Task directions: Write out exactly the lines running from the one with "포틀랜드에서 개구리 복장으로 ICE 요원과 대치 중인 한 시위자" to the end of the data, including both of those lines and excluding pictures.

Source material:
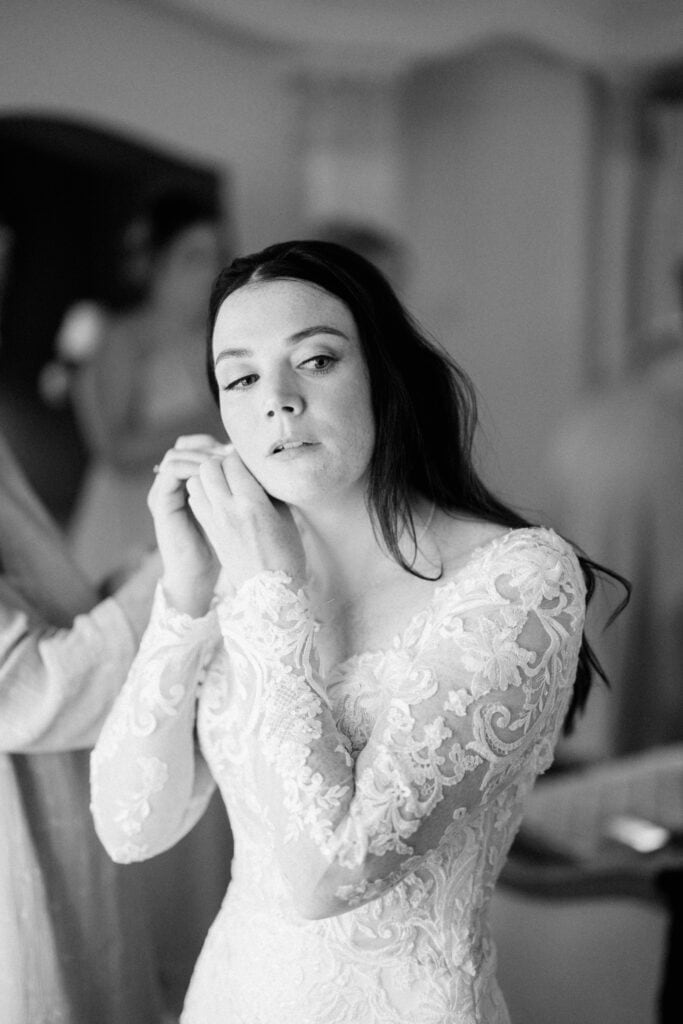 At the elegant Hayne House in Kent, a woman in a lace wedding dress adjusts her earring. Her long dark hair cascades as she looks slightly to the side. The softly blurred background focuses on her serene expression and detailed gown, capturing a perfect wedding moment. Image by Pearce Wedding Photography.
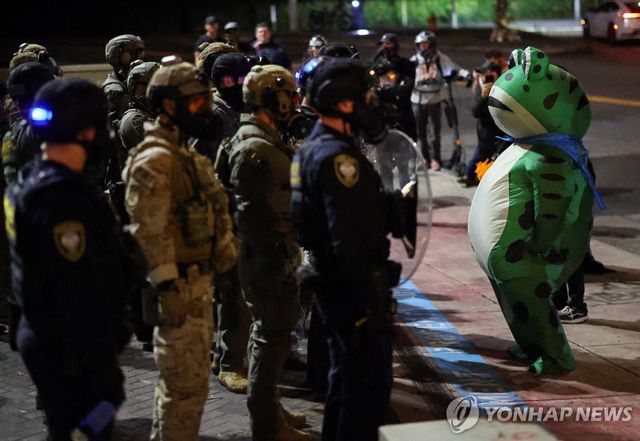 포틀랜드에서 개구리 복장으로 ICE 요원과 대치 중인 한 시위자 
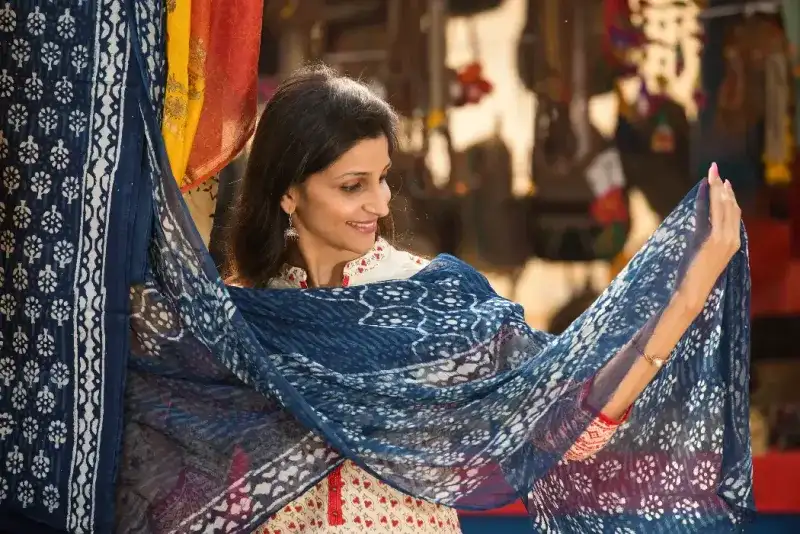 Mujeres indias felices comprando bufandas en un mercado callejero.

Solution to this task:
 포틀랜드에서 개구리 복장으로 ICE 요원과 대치 중인 한 시위자 
 Mujeres indias felices comprando bufandas en un mercado callejero.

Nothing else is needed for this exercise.